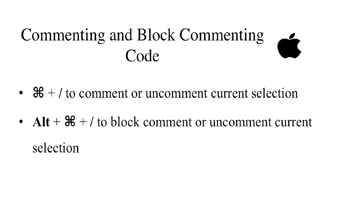Let's recap. Press command and slash to comment and uncomment current selection. Press alt command and slash to block comment and uncomment current selection.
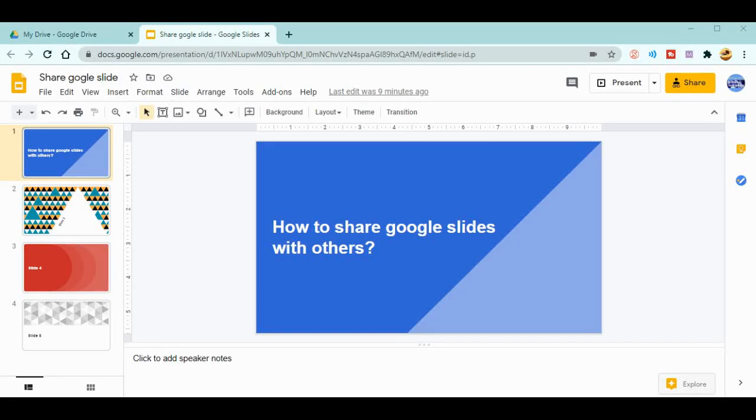Welcome everyone to my YouTube channel Educator Given. In today's video, I'm giving you an idea about sharing Google Slides with others, with your students or with your co-teachers or any of the others. So let's start today's topic.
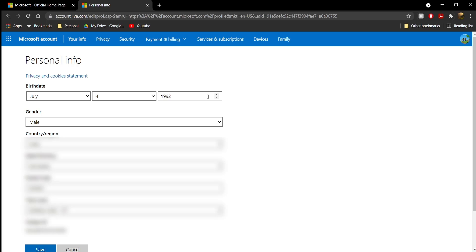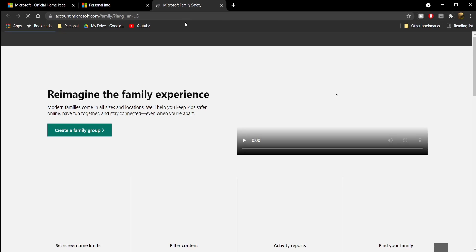However, if you're unable to change your age and this option hasn't come up, make sure to check if your age is set to under 13. If your age is set to under 13, unfortunately you will not be able to change your age at all until it becomes 13 or older.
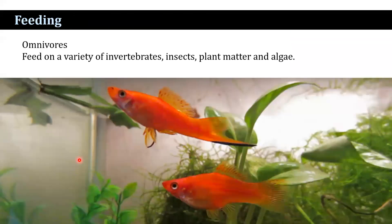They are omnivores. They feed on a variety of invertebrates, insects, plant matter, and algal matter.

★ ★ ★ ★

» **The problem**
Exactly reproduce the lines beginning at the one that contains "However, if you're" and ending at the final line of the material, with the pictures left out.

» **Your solution**
However, if you're unable to change your age and this option hasn't come up, make sure to check if your age is set to under 13. If your age is set to under 13, unfortunately you will not be able to change your age at all until it becomes 13 or older.
They are omnivores. They feed on a variety of invertebrates, insects, plant matter, and algal matter.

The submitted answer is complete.